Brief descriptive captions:
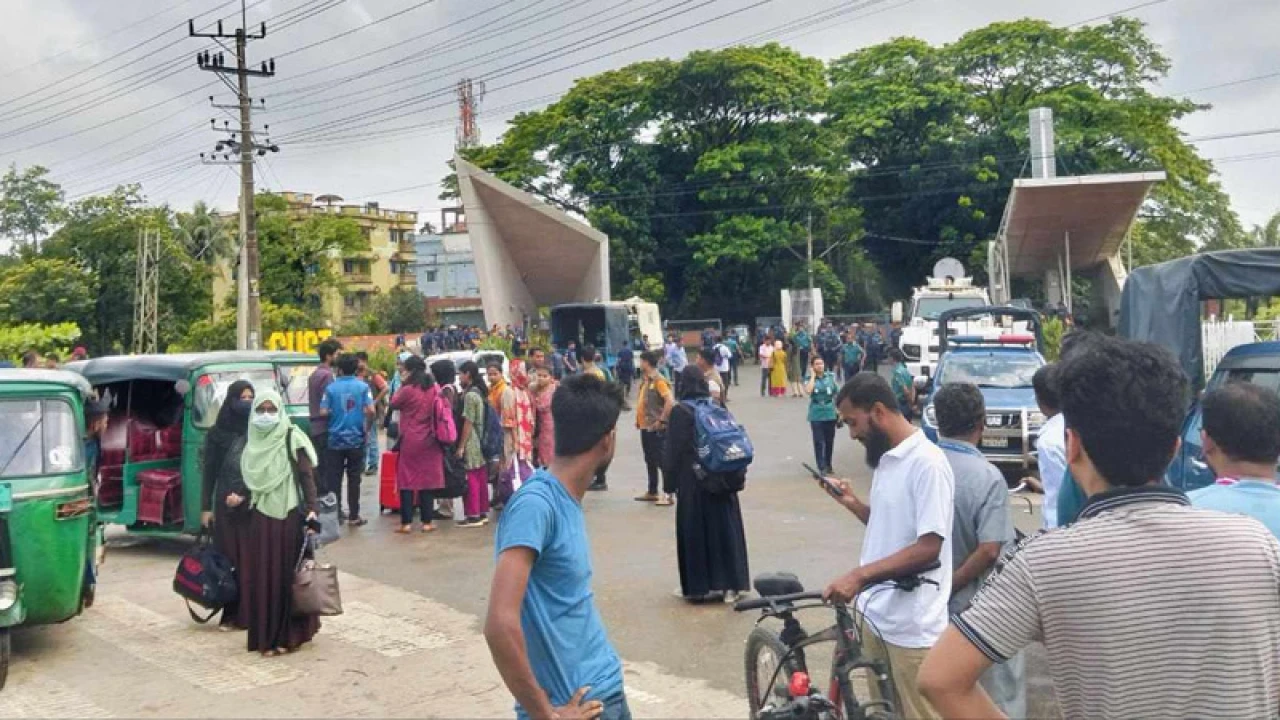 শাবিপ্রবির শিক্ষার্থীরা আবাসিক হল ত্যাগ করেছে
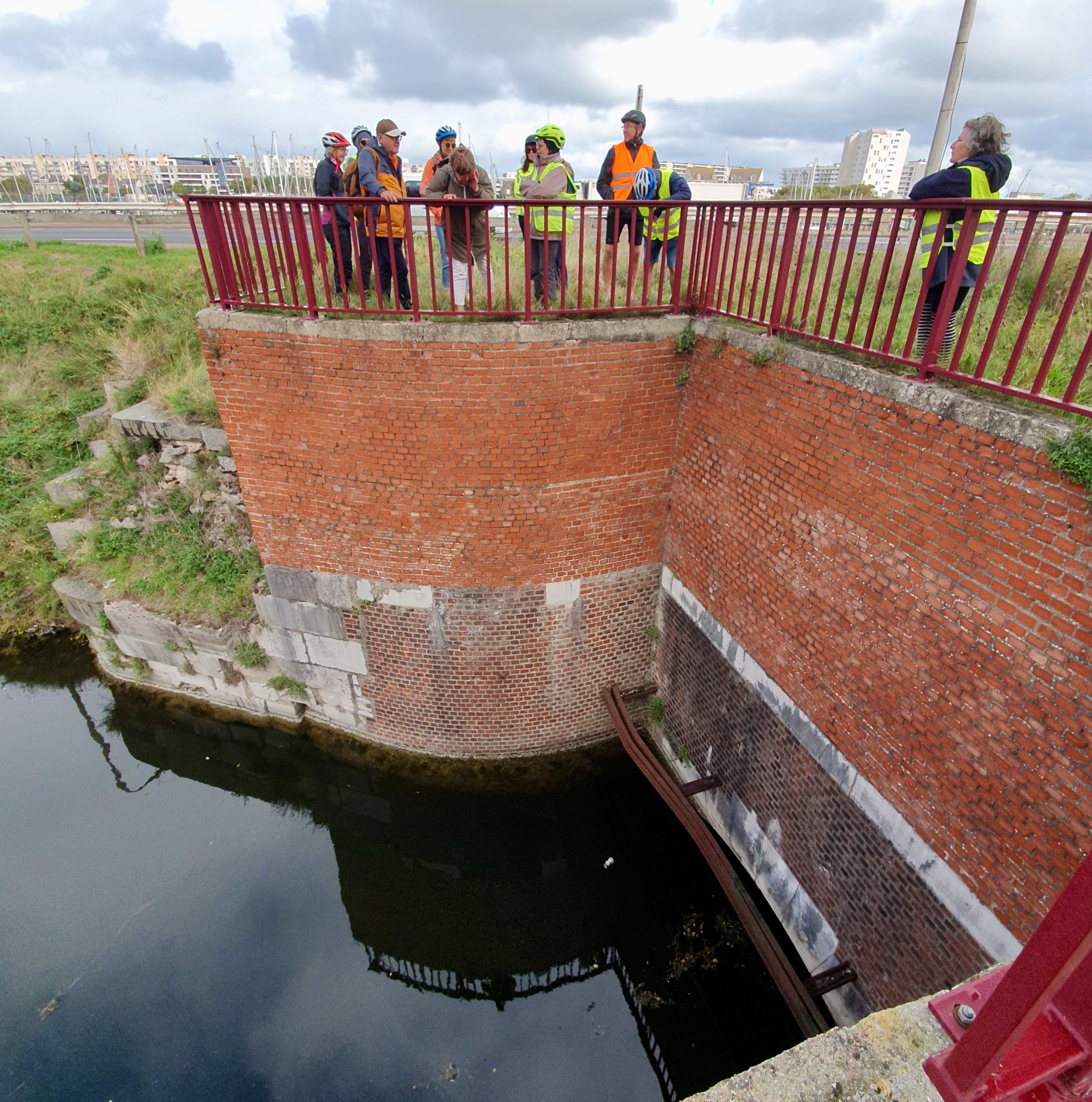 Wateringues et canaux de Calais, patrimoine vivant passé, présent et futur ?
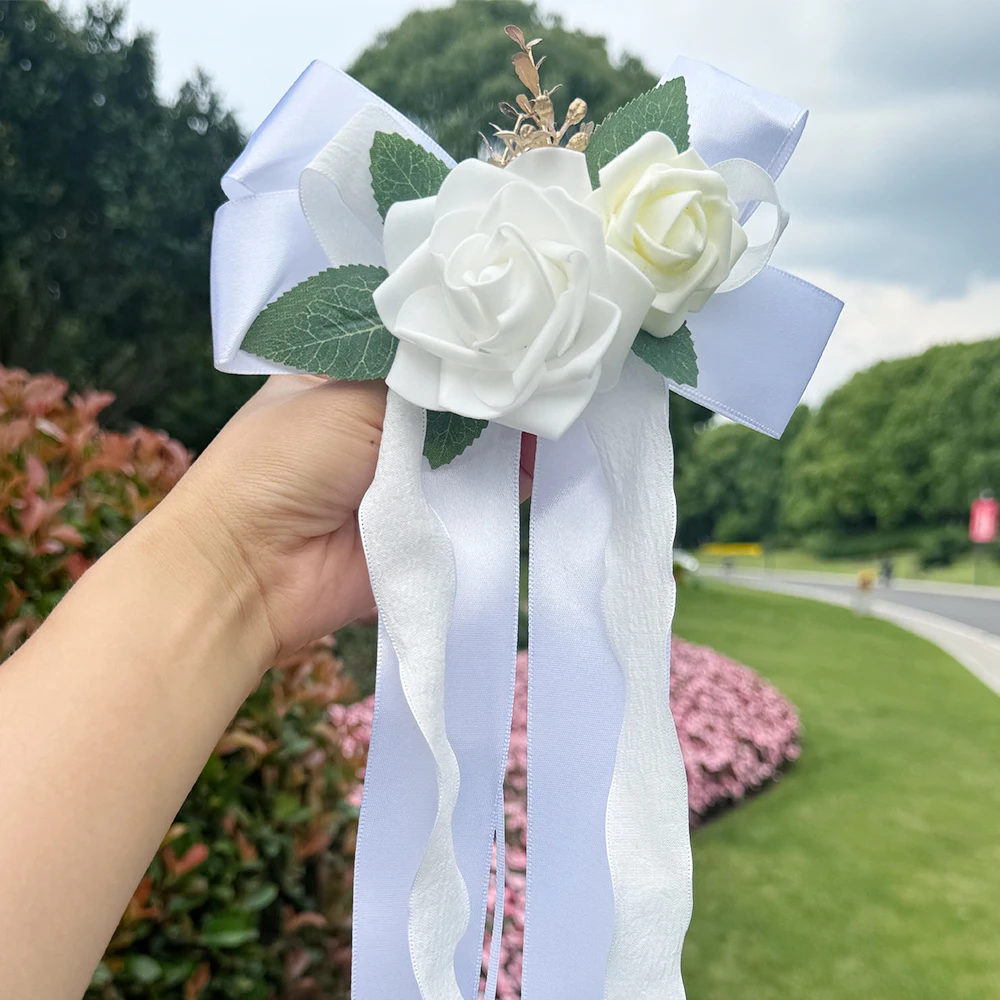 Hochzeitsauto-Dekoration Weiße Rosen-Schleife, Künstliche Blumen Autotür-Griffband Ornament für Brautfahrzeug Party-Dekor – Detail 2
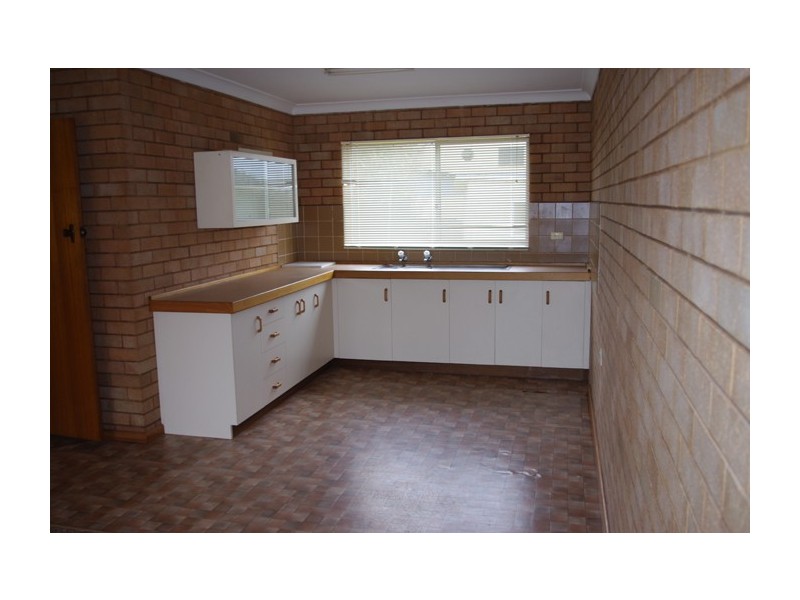 4 Eastbourne Ave, Culburra Beach NSW 2540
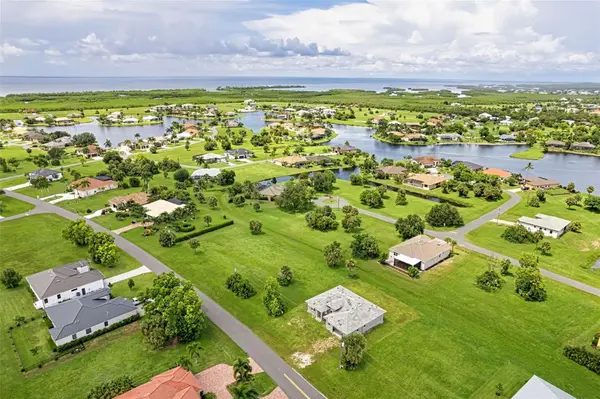 24276 PEPPERCORN RD, Punta Gorda, FL 33955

EXERCISE DIRECTIONS
Be exact. Write out all the entries and omit the pictures.

THE ANSWER
 শাবিপ্রবির শিক্ষার্থীরা আবাসিক হল ত্যাগ করেছে
 Wateringues et canaux de Calais, patrimoine vivant passé, présent et futur ?
 Hochzeitsauto-Dekoration Weiße Rosen-Schleife, Künstliche Blumen Autotür-Griffband Ornament für Brautfahrzeug Party-Dekor – Detail 2
 4 Eastbourne Ave, Culburra Beach NSW 2540
 24276 PEPPERCORN RD, Punta Gorda, FL 33955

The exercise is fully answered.